**TASK TO COMPLETE**. When you reach the line with "a beach with" in the records below, begin transcribing exactly and continue up to and including the line with "Valentines day. Six", leaving out every picture.

____ EXTRACTED RECORDS

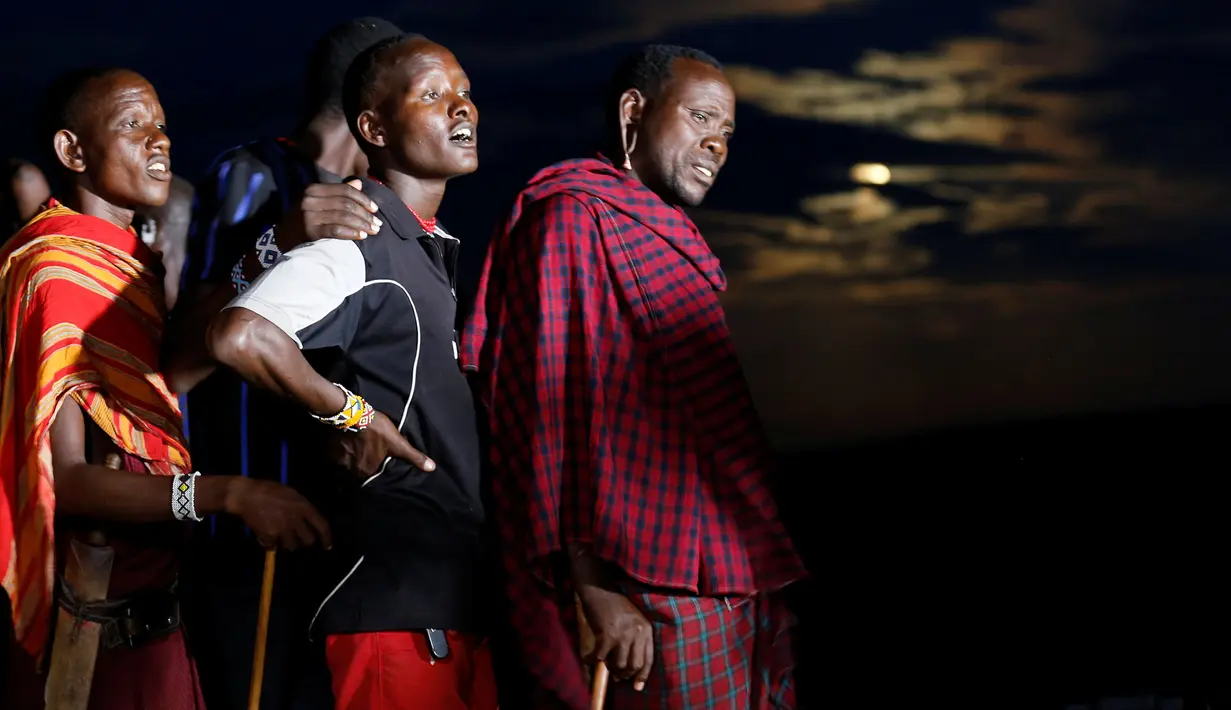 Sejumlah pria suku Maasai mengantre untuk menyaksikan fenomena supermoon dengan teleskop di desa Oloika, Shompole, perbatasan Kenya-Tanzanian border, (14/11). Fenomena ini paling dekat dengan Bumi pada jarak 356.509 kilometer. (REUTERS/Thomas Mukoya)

________
____ EXTRACTED RECORDS

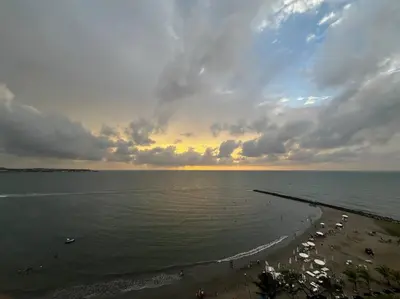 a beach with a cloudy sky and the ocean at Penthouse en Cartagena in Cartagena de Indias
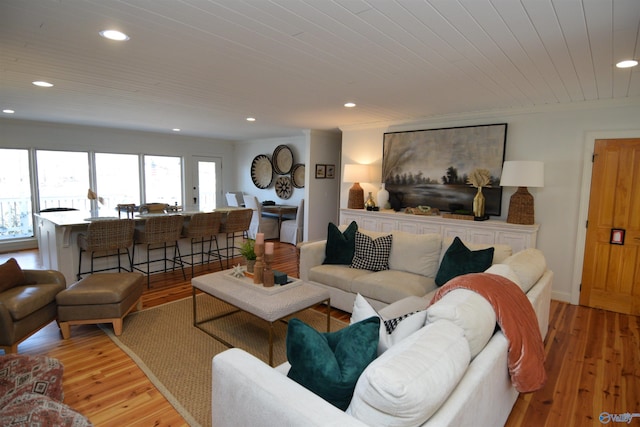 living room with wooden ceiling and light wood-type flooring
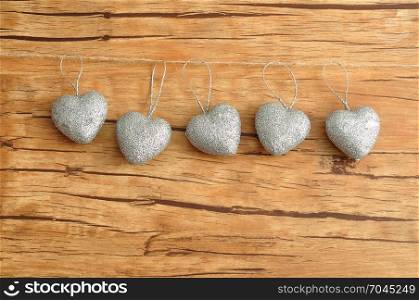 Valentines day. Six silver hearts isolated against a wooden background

________

**WRITTEN SOLUTION**.
 a beach with a cloudy sky and the ocean at Penthouse en Cartagena in Cartagena de Indias
 living room with wooden ceiling and light wood-type flooring
 Valentines day. Six silver hearts isolated against a wooden background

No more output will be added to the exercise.